Nous proposons alors que le candidat à l’entreprenariat se pose 6 questions :

  1. Quelle œuvre me hante ?
    👉 Cette question distingue le projet voulu par l’ego (ambition, reconnaissance) de celui voulu par le δαίμων (nécessité intime).
  2. Dans quels contextes ma vitalité se déploie-t-elle ?

    👉 Le δαίμων ne s’exprime pas dans l’abstrait : il a besoin d’un milieu favorable.
  3. Qu’est-ce que je ne supporte pas de voir gâché ?
    👉 Ici se dévoile la blessure originelle du δαίμων : ce qui, dans le monde, blesse son idéal.
  4. Quel type d’âme attire la mienne (et réciproquement) ?

    👉 Le δαίμων est reconnaissable par la valence qu’il suscite : les âmes compatibles l’éveillent.
  5. Que se passe-t-il quand je trahis cet appel ?
    👉 Le δαίμων n’est pas vindicatif, mais pédagogique.
  6. Quelle offrande pourrais-je lui faire ?

    👉 Une entreprise démonique ne doit pas être “possession”, mais dialogue continu avec cette source intérieure.

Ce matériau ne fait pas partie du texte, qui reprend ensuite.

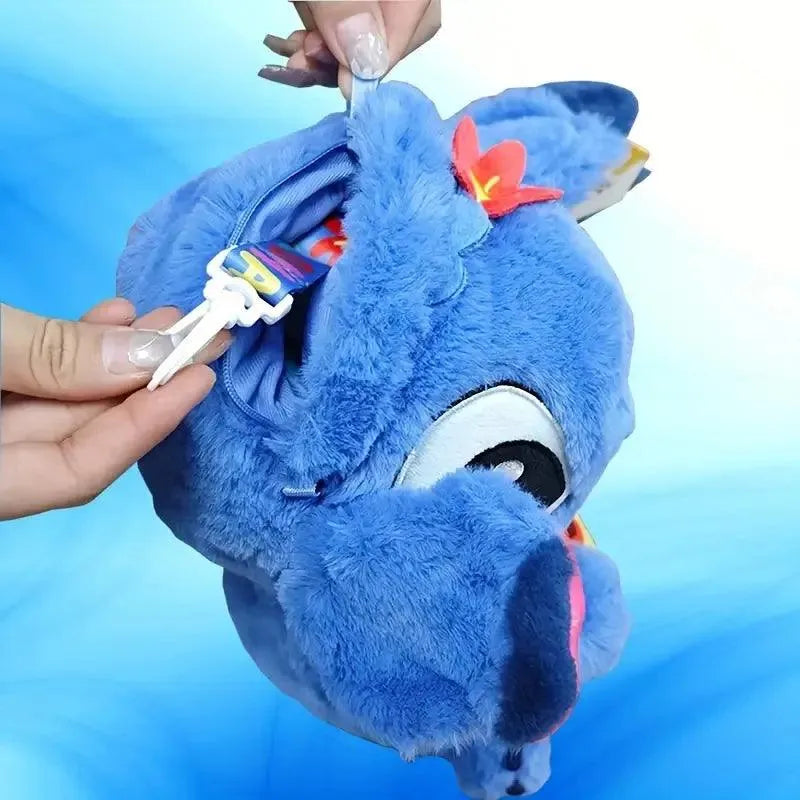 Stitch with Guitar Soft Plushie (25 cm) - Bear Hugs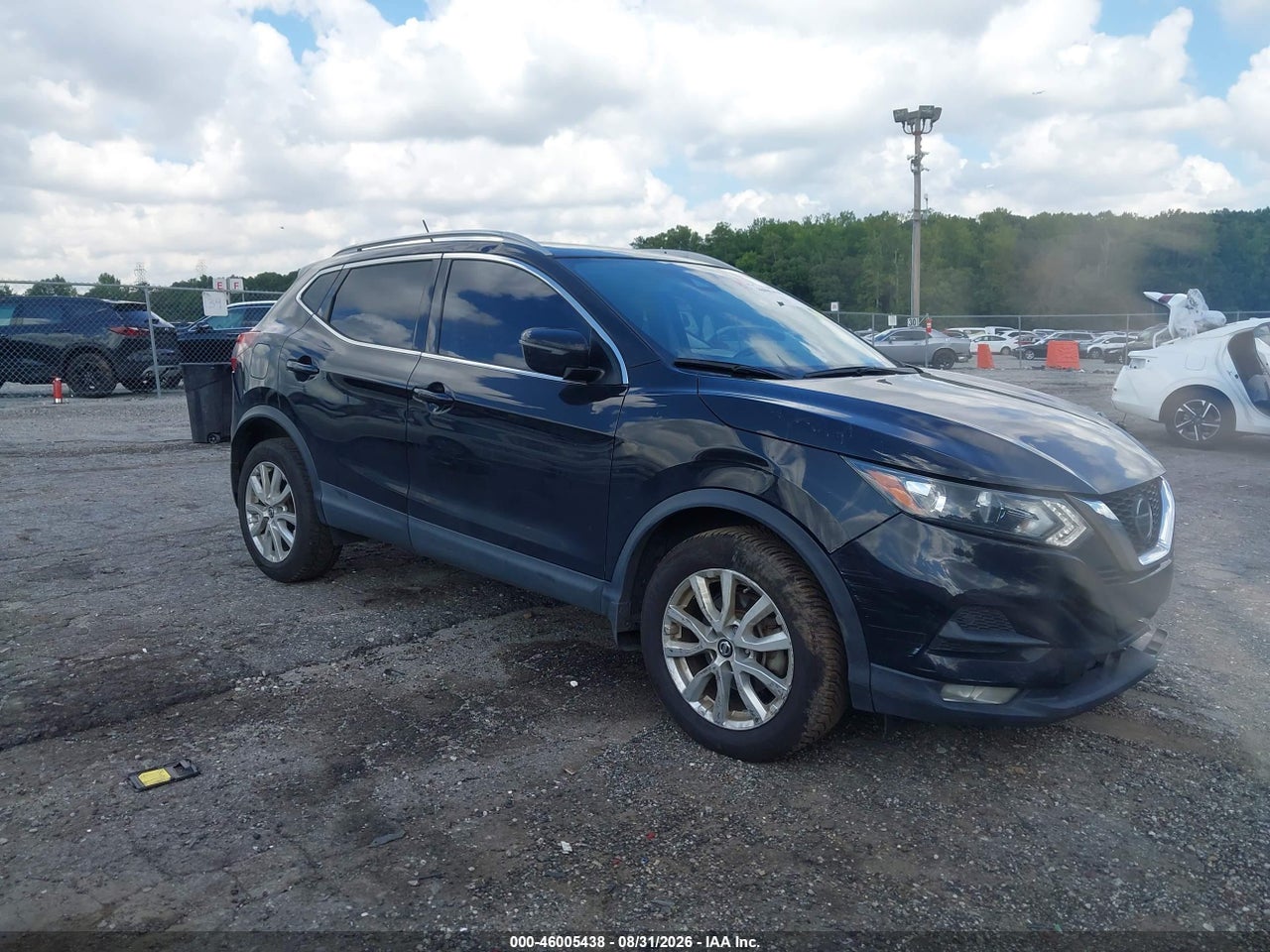2022 Nissan Rogue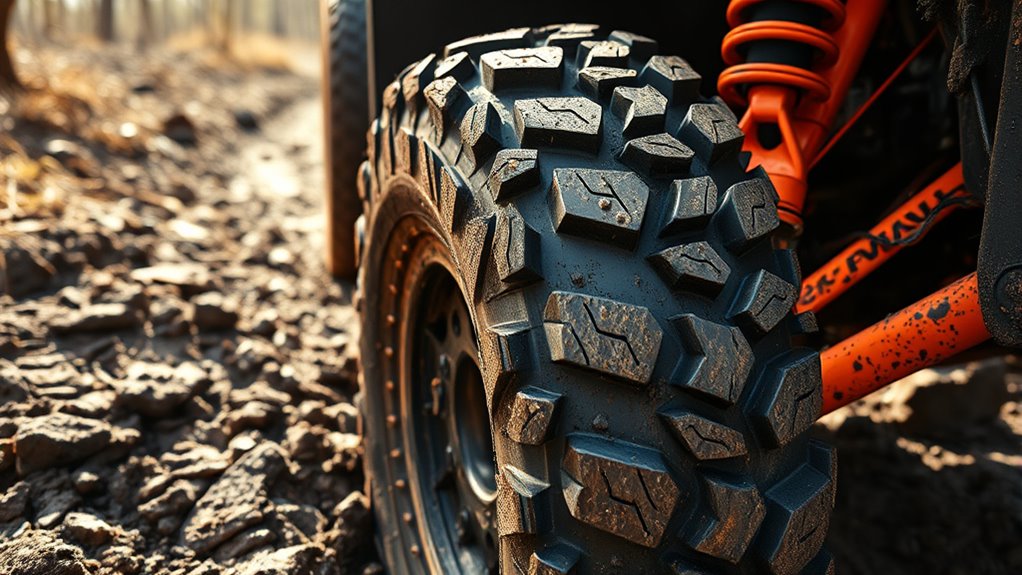 matching tires to terrain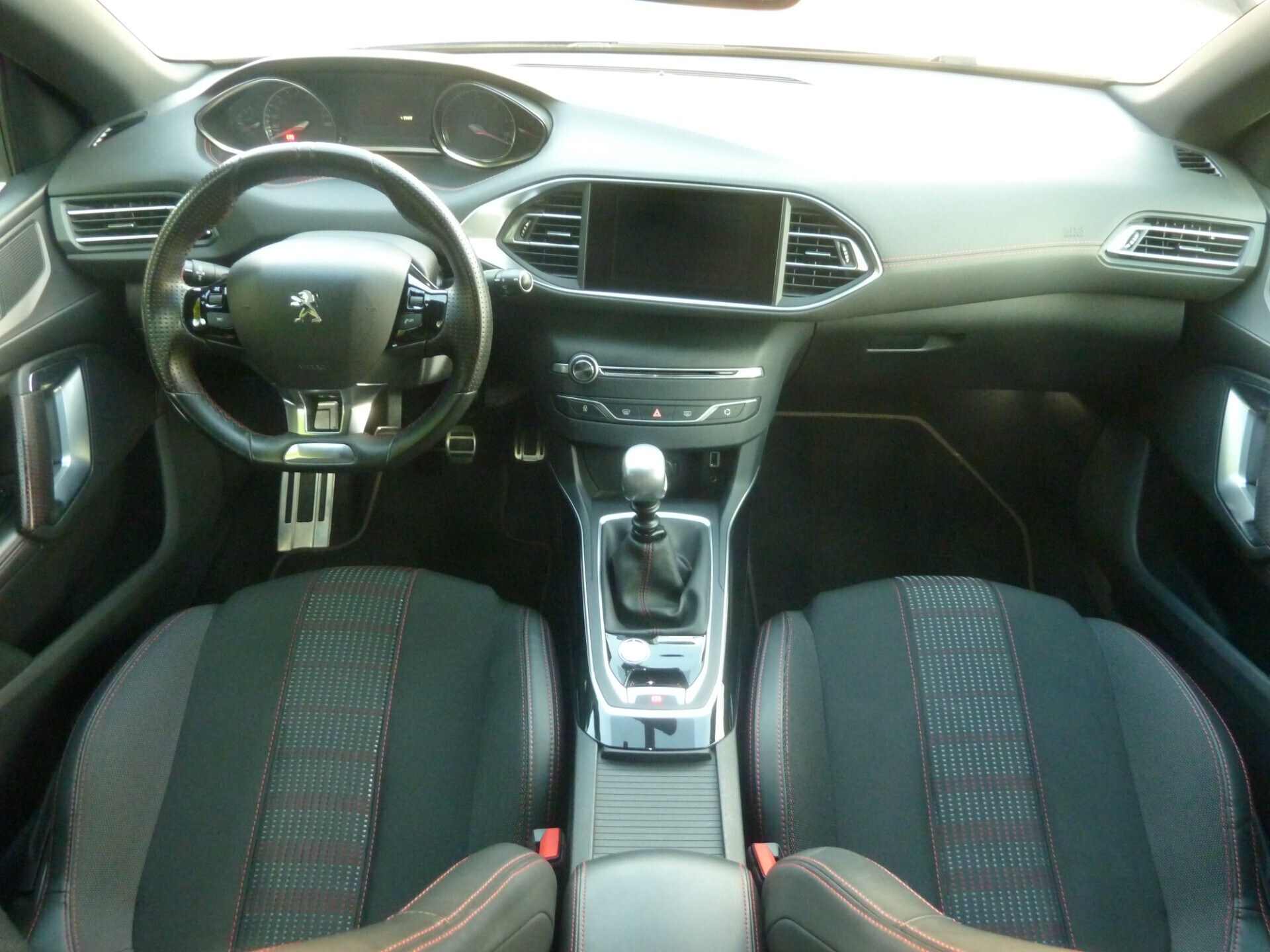 Peugeot 308 BlueHDi 120 CV GT Line EURO 6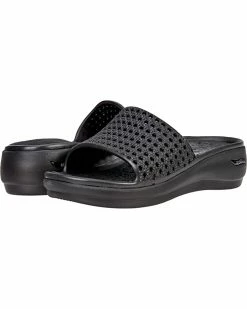 SKECHERS Sandals Foamies Arch Fit Ascend Woven Slides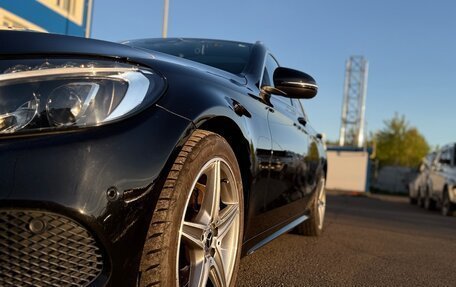 Mercedes-Benz C-Класс, 2017 год, 1 850 000 рублей, 10 фотография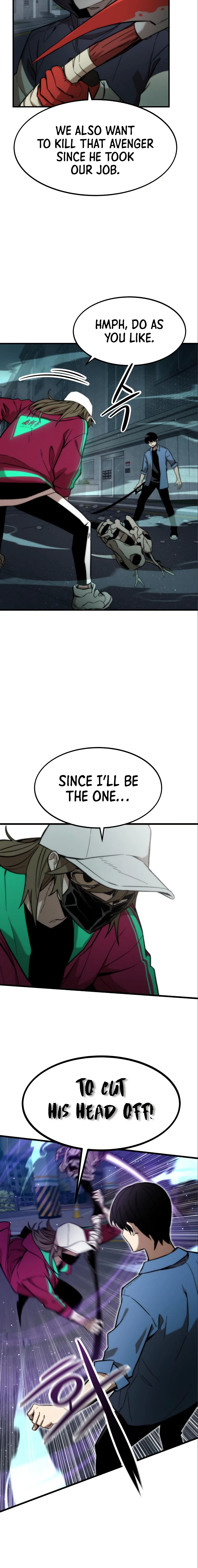 Ultra Alter Chapter 20 - Page 7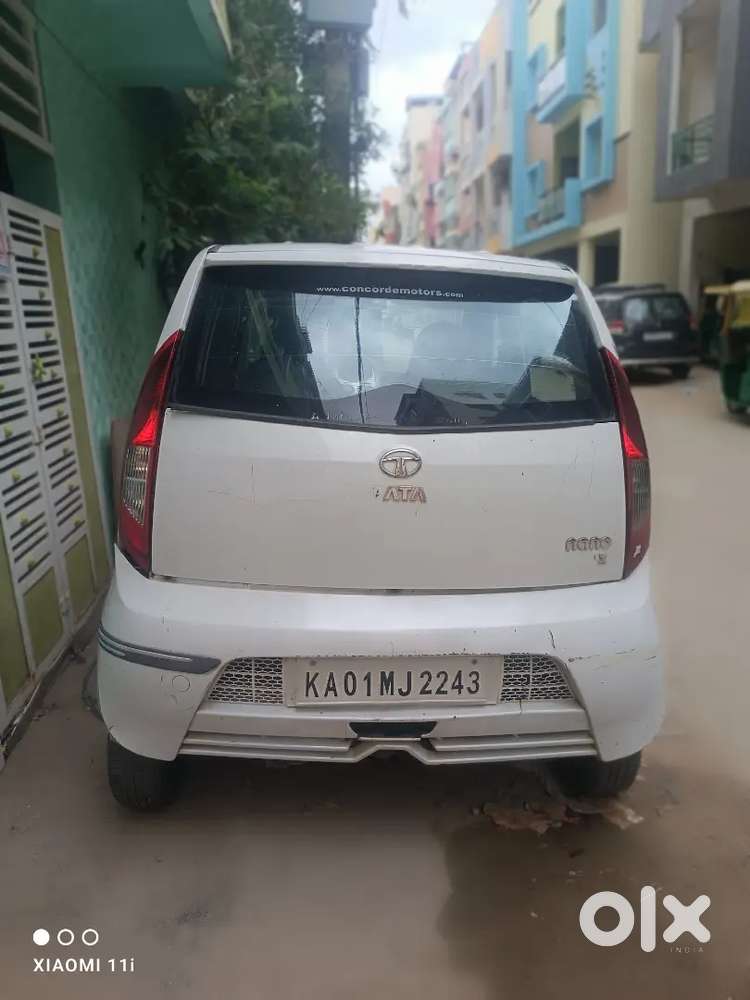 Tata Nano Lx  2012 Model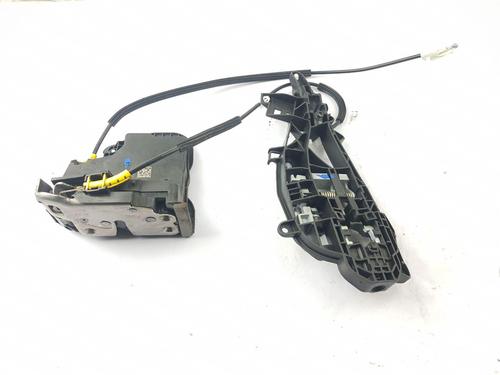 Front left lock OPEL ASTRA K (B16) 1.0 Turbo (68) | BP31282581C98 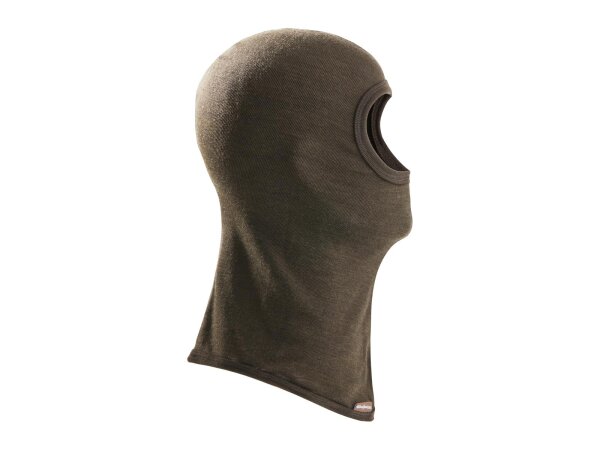 Woolpower Sturmhaube Balaclava Lite pine green one size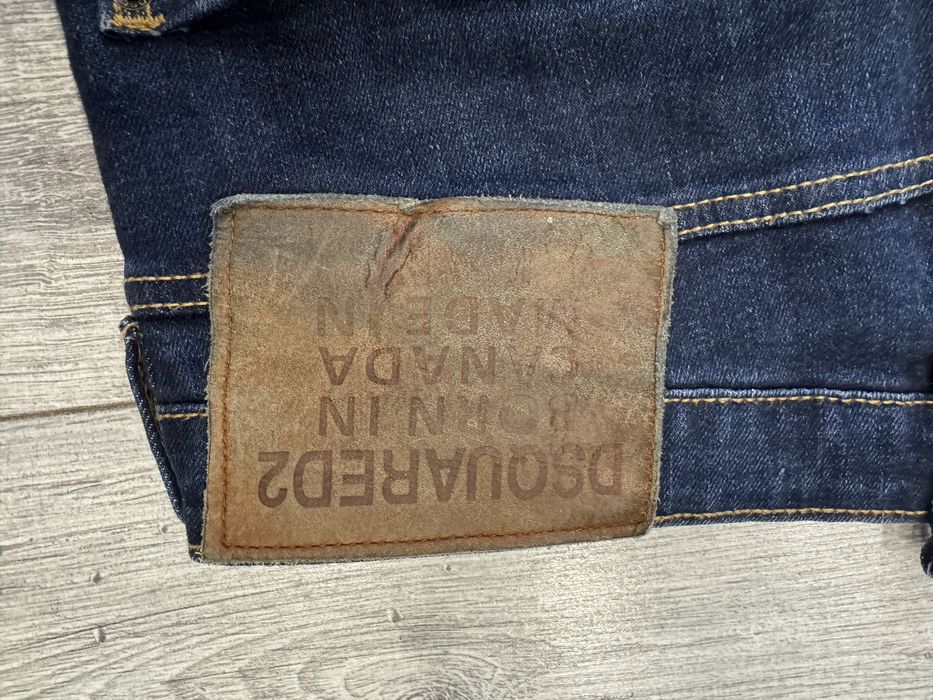 Dsquared2 джинси, розмір 48, made in Italy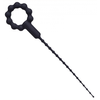 Image de Tige d'urètre Vibrante en silicone O-RING 17.5cm - Diamètre 3 à 8mm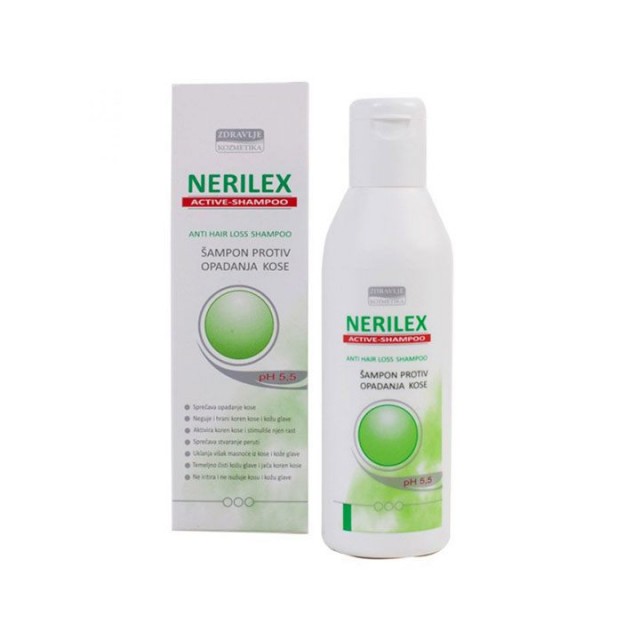 NERILEX šampon protiv opadanja kose, 100ml NERILEX šampon protiv opadanja kose, 100ml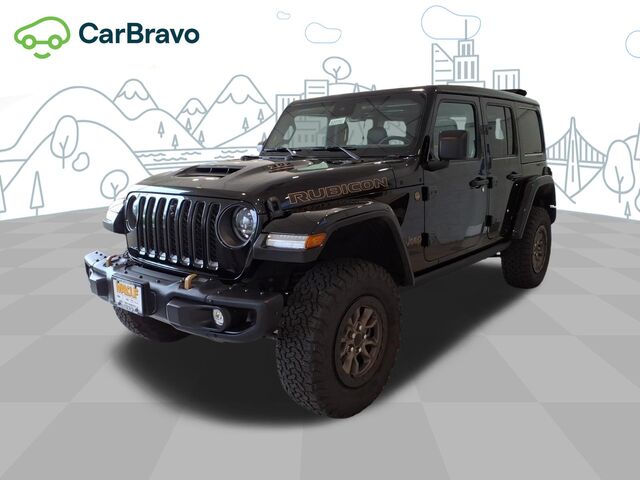 2023 Jeep Wrangler 4-Door Rubicon 392 4x4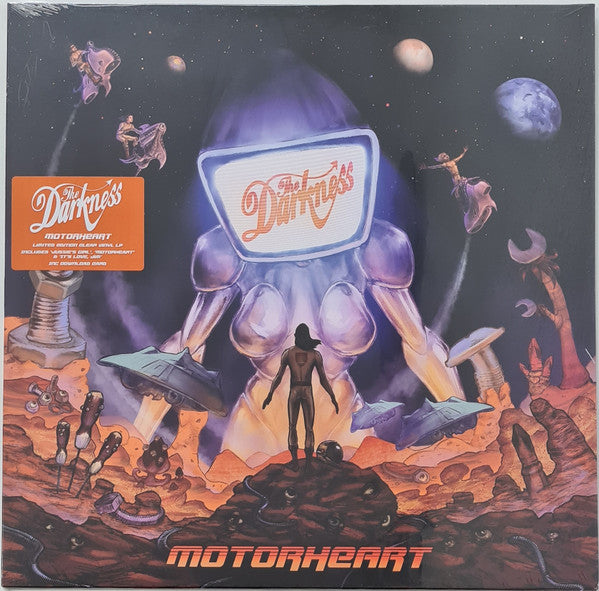 Darkness – Motorheart 🇺🇸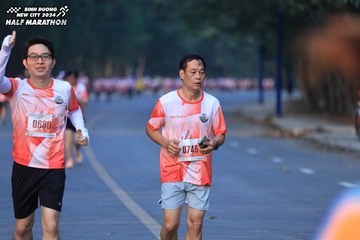 BINH DUONG NEW CITY HALF MARATHON 2024 - Ảnh #1771916
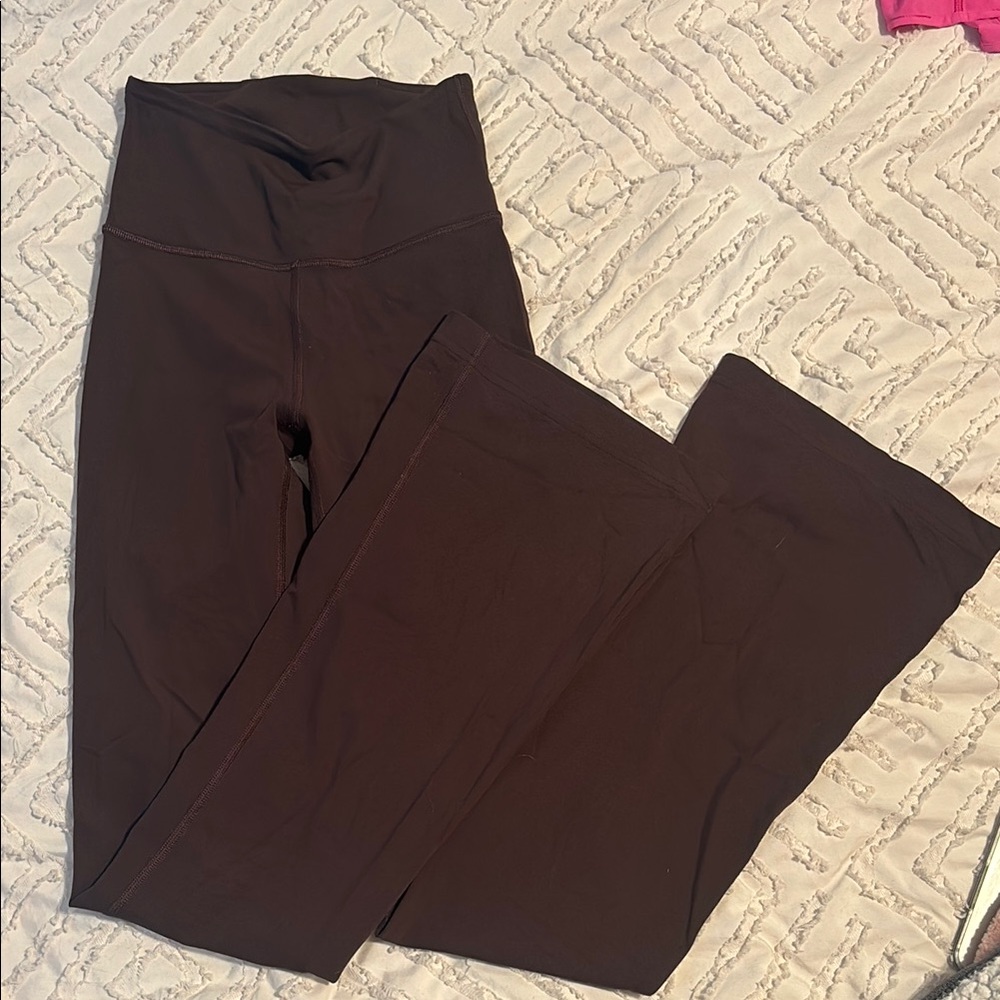 Flare Leggings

L’offrande, c’est ce qui garde l’entreprise vivante.

IV. La liberté retrouvée : l’entreprise comme acte d’accord

Nous touchons ici à un point délicat, où se séparent la mystique et l’éthique. Car si l’on admet l’existence d’un δαίμων – ce principe d’inspiration intérieure qui oriente nos élans créateurs – il faut aussitôt rappeler que l’homme demeure responsable de ses actes. C’est tout le sens du schisme augustinien : pour Augustin, puis pour Thomas d’Aquin, l’individu ne peut être sauvé que par son propre libre arbitre, en assumant la souveraineté de sa volonté. Autrement dit : nul ne peut déléguer à une instance invisible, fût-elle divine ou démonique, la charge de ses décisions.

Ainsi, même si le δαίμων inspire, c’est toujours l’entrepreneur qui agit. Il reçoit peut-être un appel, mais il reste l’auteur de la réponse. Il ne saurait excuser ses erreurs, ni justifier ses échecs, en invoquant la volonté d’entités mystiques : la responsabilité demeure entièrement humaine. Une entreprise n’est pas un oracle, c’est une œuvre au monde, et elle engage avec elle des collaborateurs, des clients, des partenaires — autant de vies réelles, qui ne doivent pas subir les conséquences d’une confusion entre inspiration et délire.

Reconnaître son δαίμων n’abolit donc pas la liberté ; au contraire, cela la rend plus exigeante. Car il ne s’agit pas de se soumettre à une voix intérieure, mais d’en dialoguer lucidement. L’entrepreneur inspiré n’est pas un médium, c’est un arbitre : il écoute, puis il décide. Son entreprise devient alors non pas la manifestation d’une force obscure, mais le lieu d’un accord conscient entre la raison et l’inspiration, entre ce qu’il veut et ce qu’il sent devoir accomplir.